If you follow this blog regularly, you know that, while we’ve been doing a lot of air travel, our motorcoach has been parked between Portland and Eugene, Oregon, for quite some time. This is because I’ve been monitoring the progress of my vintage bus project, which has been going on in Eugene. This past week, we nailed down the designs for the interior, so the project can now go on autopilot (meaning the guys at the shop no longer need my input) and we’re free to roam the country again!
First things first, though. I started out the week in Seattle, where I presented my online class on Photoshop retouching & collaging at creativeLIVE. This class is part of a larger “Photoshop Mastery” series that I’ve been teaching once a month for the past few months. Next month, I’ll be returning to teach “Creative Explorations” in Photoshop. If you missed the recent classes, or want to enroll (for free) to the next one, visit my instructor page here.
On the set of my creativeLIVE class.
My friend and fellow photographer Rick Friedman was teaching a creativeLIVE class right after mine, so we got to meet up in Seattle!
After leaving Seattle, we returned to the bus in Eugene, Oregon and spent one night there before hitching up and heading out. We headed north through Portland, where we made a quick stop to pick up my new, custom-made hat! I’ll post pics of that soon. We then headed east along the Columbia Gorge, on the Oregon/Washington border. We had spent several days exploring the gorge area before, but there is lots to see there, so we spent a few nights near the town of Carson, which is right on the gorge, on the Washington side.

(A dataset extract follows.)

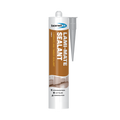 Lami-Mate Timber Sealant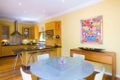 Property photo of 185 Raglan Street Mosman NSW 2088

This area is just beautiful, and there’s lots to photograph. I am currently working on an e-book for shooting waterfalls, so that’s what we focused on. There are so many waterfalls in this area that you could literally spend weeks shooting them all. We had heard good things about Panther Creek Falls, so that’s the first one we hit up. It was about a 45-minute drive from Carson and a really short, easy hike to the falls. It was pretty spectacular, and we actually returned twice to shoot it in different light.
My shot of Panther Creek Falls. This is just a detail shot. The whole falls is shown below.
Karen got this shot of me near Panther Creek Falls. The red light on my camera looks so bright because it was actually the brightest thing in the scene. This was pushing 8:30 at night and it was actually quite dark.
The entirety of Panther Creek Falls.
Some of the rapids leading up to the waterfall.
I got this shot of Karen shooting near the falls.
We also drove out to see Lower Lewis Creek Falls, which was a longer trip from Carson (1.5 hours) but totally worth it because of the scenic drive and the beautiful weather. The waterfall was great, expanding a wide area. It was, however, in direct sunlight so it was hard to get any really nice shots of it. This is one of those waterfalls you really need to shoot on a cloudy/foggy day. It was still nice to see, though, and we enjoyed the exploring aspect of it. While we were driving to Lower Lewis Creek Falls, we also got several great views of Mount Saint Helen, which was an added bonus.
Karen’s shot of Lower Lewis Creek Falls. It would have been much better on a foggy day, but it was still nice to see.
After exploring the gorge area a bit, we continued eastward toward Walla Walla, Washington. We’ll spend a few days here visiting some vineyards (this is wine country) and celebrating my birthday! More to come.
Here’s a video Karen made from our time near the Columbia Gorge.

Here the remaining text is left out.